Leadership failure causes poverty, insurgency, others – Omo-Agege
The Deputy Senate President, Sen. Ovie Omo-Agege, has attributed the prevailing poverty, political instability, insurgence and collapse of government institutions to leadership failure.
Omo-Agege made the observation on Saturday at the 5th Annual Leadership Lecture/Graduation Ceremony of the Value Rebirth-Centre-LSD Leadership School, Effurun/Warri in Delta.
The senator, who was represented by Mr Mathew Omonade, said he believed in unity and urged people to enthrone sound ethical leadership rooted in respect, honesty, service, equity, justice and community service.
Omo-Agege, the All Progressives Congress (APC) Governorship flagbearer in Delta, noted that over the years, poor leadership had frustrated the achievement of the country’s enormous economic and political potentials.
“But all is not lost because State and nation-building all over the world have been and remain a permanent work in progress.
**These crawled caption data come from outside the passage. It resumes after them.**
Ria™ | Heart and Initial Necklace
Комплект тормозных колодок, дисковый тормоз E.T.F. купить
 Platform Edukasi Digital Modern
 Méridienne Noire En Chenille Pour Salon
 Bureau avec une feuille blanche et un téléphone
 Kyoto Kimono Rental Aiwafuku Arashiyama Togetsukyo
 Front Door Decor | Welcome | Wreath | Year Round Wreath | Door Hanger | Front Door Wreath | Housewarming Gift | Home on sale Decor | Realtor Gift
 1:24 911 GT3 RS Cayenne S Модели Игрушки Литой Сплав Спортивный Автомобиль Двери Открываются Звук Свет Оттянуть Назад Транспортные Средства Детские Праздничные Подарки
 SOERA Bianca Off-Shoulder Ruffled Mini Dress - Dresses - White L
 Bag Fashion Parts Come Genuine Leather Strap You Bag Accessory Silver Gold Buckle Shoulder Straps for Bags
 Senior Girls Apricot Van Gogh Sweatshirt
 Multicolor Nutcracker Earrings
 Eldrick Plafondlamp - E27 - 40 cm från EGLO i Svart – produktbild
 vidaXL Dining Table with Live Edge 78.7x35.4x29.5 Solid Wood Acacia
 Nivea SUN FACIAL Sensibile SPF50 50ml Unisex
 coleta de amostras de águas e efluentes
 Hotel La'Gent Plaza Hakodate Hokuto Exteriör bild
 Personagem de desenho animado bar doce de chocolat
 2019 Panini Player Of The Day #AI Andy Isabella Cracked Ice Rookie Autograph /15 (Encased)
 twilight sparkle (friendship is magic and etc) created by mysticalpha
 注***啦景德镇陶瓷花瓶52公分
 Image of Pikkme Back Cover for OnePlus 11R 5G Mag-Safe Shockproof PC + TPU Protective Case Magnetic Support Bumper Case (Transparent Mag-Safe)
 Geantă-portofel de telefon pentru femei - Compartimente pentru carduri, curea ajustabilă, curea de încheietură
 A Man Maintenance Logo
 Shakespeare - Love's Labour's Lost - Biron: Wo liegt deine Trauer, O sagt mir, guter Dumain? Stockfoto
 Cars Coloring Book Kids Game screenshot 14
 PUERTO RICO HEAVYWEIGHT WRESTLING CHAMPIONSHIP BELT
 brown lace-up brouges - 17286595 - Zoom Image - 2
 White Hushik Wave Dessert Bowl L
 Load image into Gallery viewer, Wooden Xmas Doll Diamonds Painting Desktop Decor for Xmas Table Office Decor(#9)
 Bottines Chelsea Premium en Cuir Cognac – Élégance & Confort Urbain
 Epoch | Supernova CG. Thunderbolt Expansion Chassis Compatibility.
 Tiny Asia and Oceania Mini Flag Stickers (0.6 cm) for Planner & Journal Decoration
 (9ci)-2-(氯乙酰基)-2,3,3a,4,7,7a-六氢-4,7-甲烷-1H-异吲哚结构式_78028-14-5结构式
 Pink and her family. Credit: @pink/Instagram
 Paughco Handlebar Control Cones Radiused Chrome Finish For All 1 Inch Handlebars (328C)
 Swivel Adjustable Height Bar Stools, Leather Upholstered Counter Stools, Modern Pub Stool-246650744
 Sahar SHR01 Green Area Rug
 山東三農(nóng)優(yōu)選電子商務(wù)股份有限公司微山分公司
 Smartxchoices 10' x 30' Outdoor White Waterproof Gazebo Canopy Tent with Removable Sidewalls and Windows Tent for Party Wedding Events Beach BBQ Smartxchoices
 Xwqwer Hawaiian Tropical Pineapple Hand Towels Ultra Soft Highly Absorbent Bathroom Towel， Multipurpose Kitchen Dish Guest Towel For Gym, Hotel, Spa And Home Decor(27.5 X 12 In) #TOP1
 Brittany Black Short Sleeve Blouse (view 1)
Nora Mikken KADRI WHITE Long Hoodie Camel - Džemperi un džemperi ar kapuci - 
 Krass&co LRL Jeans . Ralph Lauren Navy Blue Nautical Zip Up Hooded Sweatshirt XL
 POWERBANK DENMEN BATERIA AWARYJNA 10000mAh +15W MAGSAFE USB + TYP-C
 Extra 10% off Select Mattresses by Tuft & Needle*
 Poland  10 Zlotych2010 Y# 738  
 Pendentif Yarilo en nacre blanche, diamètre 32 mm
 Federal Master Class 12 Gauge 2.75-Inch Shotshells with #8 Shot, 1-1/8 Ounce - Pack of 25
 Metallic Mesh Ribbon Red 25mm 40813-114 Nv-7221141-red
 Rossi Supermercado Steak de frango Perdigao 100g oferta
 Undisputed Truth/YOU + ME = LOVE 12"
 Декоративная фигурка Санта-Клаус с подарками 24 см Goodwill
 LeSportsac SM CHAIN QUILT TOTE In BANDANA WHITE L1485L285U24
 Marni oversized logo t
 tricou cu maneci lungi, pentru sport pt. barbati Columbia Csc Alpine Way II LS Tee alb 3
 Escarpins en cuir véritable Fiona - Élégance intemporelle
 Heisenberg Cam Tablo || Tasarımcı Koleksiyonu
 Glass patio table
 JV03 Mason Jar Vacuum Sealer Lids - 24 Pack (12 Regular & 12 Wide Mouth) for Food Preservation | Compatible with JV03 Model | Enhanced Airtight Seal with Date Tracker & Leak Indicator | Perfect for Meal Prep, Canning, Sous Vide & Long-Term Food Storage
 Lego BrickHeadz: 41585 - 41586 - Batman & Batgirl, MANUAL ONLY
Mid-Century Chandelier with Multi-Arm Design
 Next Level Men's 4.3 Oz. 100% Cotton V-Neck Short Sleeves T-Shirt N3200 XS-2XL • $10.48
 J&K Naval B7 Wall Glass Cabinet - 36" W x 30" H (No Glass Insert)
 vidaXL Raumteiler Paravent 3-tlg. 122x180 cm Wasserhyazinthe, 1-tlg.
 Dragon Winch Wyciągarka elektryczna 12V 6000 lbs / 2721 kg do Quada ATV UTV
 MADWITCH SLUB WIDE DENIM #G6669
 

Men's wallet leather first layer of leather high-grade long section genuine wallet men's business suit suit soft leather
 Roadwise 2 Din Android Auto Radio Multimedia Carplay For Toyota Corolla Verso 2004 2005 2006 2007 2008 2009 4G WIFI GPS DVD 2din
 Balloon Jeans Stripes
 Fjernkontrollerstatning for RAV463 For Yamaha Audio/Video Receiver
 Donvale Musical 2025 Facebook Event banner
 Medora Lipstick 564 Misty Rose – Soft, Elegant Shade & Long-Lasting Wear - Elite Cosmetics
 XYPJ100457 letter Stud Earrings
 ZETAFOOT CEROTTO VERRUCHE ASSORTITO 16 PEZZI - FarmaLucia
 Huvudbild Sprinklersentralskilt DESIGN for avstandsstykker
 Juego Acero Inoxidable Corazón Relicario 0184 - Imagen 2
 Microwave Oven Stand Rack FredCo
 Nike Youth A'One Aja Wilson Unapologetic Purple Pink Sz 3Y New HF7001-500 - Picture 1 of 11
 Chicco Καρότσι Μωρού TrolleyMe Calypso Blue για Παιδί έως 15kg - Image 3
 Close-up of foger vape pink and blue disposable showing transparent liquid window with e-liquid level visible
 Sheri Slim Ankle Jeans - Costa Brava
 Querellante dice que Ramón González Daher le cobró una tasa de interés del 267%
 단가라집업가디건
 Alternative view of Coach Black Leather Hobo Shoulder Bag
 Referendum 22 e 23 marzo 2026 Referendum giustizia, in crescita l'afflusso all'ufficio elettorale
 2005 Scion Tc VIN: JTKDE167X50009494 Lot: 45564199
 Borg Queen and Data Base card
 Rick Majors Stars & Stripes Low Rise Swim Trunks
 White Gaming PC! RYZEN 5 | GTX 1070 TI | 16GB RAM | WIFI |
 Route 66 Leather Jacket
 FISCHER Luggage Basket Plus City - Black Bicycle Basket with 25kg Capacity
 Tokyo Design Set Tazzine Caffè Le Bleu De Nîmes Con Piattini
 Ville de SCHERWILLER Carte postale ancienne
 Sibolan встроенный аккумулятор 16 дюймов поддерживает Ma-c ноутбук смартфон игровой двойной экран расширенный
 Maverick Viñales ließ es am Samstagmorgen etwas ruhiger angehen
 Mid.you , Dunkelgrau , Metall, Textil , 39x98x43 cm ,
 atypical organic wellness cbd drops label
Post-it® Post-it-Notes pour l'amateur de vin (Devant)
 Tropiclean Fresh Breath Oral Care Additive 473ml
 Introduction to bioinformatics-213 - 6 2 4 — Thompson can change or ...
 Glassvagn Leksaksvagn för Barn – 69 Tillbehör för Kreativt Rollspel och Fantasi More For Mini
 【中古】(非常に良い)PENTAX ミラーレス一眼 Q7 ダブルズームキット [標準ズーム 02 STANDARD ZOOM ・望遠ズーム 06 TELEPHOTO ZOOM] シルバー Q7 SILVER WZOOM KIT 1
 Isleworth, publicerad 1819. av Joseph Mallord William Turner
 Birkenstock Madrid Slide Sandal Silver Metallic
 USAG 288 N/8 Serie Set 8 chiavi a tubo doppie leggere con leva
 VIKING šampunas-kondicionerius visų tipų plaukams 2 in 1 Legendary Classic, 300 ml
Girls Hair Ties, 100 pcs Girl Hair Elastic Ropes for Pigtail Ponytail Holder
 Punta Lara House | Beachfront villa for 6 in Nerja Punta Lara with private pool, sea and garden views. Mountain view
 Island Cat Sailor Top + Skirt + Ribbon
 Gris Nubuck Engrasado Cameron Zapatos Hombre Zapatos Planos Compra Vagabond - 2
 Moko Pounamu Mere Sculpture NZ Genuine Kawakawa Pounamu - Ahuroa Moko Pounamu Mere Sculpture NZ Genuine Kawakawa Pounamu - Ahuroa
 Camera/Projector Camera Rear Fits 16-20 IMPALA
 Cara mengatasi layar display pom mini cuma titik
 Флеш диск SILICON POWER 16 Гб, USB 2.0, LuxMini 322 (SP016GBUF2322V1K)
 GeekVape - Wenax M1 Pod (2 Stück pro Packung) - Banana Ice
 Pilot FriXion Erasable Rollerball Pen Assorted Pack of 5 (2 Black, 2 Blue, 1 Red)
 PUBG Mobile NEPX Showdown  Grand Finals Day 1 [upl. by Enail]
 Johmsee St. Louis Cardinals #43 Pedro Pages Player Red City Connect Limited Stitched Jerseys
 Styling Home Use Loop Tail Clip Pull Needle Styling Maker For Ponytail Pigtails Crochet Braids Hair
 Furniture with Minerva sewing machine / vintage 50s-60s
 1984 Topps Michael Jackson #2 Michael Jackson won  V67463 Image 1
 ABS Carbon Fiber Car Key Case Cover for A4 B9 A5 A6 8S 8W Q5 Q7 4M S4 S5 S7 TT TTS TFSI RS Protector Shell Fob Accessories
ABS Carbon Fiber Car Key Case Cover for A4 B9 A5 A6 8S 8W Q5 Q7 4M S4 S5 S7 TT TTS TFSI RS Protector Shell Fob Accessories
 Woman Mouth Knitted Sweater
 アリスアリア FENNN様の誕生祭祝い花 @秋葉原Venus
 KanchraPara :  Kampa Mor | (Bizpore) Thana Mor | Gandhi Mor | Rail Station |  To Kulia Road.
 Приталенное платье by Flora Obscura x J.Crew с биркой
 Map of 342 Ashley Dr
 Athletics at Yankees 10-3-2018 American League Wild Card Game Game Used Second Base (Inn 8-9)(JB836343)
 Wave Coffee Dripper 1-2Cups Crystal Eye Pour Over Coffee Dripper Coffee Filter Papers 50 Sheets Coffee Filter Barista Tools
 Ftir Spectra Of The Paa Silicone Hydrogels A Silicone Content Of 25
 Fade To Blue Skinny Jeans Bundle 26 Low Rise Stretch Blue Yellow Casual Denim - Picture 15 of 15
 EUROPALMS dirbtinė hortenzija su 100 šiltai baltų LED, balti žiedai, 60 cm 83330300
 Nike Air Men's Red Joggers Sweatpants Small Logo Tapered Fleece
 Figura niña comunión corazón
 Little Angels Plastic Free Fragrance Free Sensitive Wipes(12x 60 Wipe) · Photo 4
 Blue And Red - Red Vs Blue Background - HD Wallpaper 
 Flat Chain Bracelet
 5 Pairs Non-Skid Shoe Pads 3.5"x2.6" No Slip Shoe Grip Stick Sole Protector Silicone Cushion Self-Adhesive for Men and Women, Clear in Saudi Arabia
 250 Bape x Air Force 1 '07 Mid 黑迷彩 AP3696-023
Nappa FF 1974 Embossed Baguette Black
“As we move towards leadership selection in 2023, the leaders we need now should posses knowledge, sound Judgment and commitment to specific causes and ideals,” he said.
The senator representing Delta Central Senatorial District, said that the country needed leaders with good moral conduct and ethical responsibility to attend to demands, needs and problems of Nigerians.
Omo-Agege, however, noted that genuine leadership also needed honest, courageous and credible followership less vulnerable to manipulation, adding that followership was an indispensible aspect of leadership.
He said the stability and progress of the country required the deployment of deliberate commitment by citizens and those entrusted with leadership to advance the national agenda, regardless of challenges.
Also, Mr Monday Osasah, Executive Director, African Centre for Leadership, Strategy and Development (CENTRE LSD), said the leadership school was a flagship programme of the Leadership Institute, adding that it started in 2009.
He said the idea was borne out of the realisation that leadership was a major challenge, especially in Africa.
Osasah said the Centre LSD Leadership School was designed for people who wanted to become leaders and be equipped with leadership skills for the transformation of organisation and society.
“Aside the Leadership School in Abuja, the Centre is running similar school in Warri, Benin-City, Port Harcourt, Abakaliki and Jos in Plateau State.
“This Effurun/Warri Delta annex of the school is run in collaboration with Value Rebirth and Empowerment Initiative (VREI),” he said.
Earlier, Pastor Edewor Egedegbe, Executive Director, VREI, said the centre was graduating 101 students.
He said it had now graduated 359 students since inception in 2017, adding that 200 students had been admitted
for it’s 2022/2023 Leadership Academic Session.
Speaking on the theme of the lecture, the guest lecturer, Mr Johnson Ikube said that Nigerians must acknowledge that there were challenges confronting the nation.
Ikube urged people to vote for competency and not popularity in the 2023 general elections.
He advocated for the decentralisation of government, noting that the system would function better under a decentrised arrangement.
“Leaders should move from the government of business to the government of governance. There is poverty in the land. Mankind must put an end to the war or war will put an end to mankind.
“We have gotten to a level where human life has become meaningless, not only in Nigeria but in the entire world,” he said.
Ikube expressed worries over the wrong use of social media, saying that it had heightened insecurity in the society.
He said that Nigerians must unite and restore the glory of the country, stressing that, “this is our country, we must keep hope alive and join hands together to bring it back to the good old days.